Set down, please, exactly the lines below that run from the line with "Image result for Despicable Me DVD Menu" to the line with "Hp Laserjet Tank", both lines included.

== Provided data

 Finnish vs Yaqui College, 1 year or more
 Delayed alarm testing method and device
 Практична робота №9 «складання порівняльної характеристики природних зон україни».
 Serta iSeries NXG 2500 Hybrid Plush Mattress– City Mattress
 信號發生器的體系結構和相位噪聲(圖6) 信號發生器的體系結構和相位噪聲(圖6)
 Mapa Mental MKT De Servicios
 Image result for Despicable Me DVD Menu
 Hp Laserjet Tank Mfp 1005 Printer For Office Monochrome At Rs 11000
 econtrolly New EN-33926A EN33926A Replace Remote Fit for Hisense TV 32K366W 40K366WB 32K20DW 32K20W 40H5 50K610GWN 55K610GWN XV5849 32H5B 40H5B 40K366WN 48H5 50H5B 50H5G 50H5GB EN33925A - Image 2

====

# Task result:
 Image result for Despicable Me DVD Menu
 Hp Laserjet Tank Mfp 1005 Printer For Office Monochrome At Rs 11000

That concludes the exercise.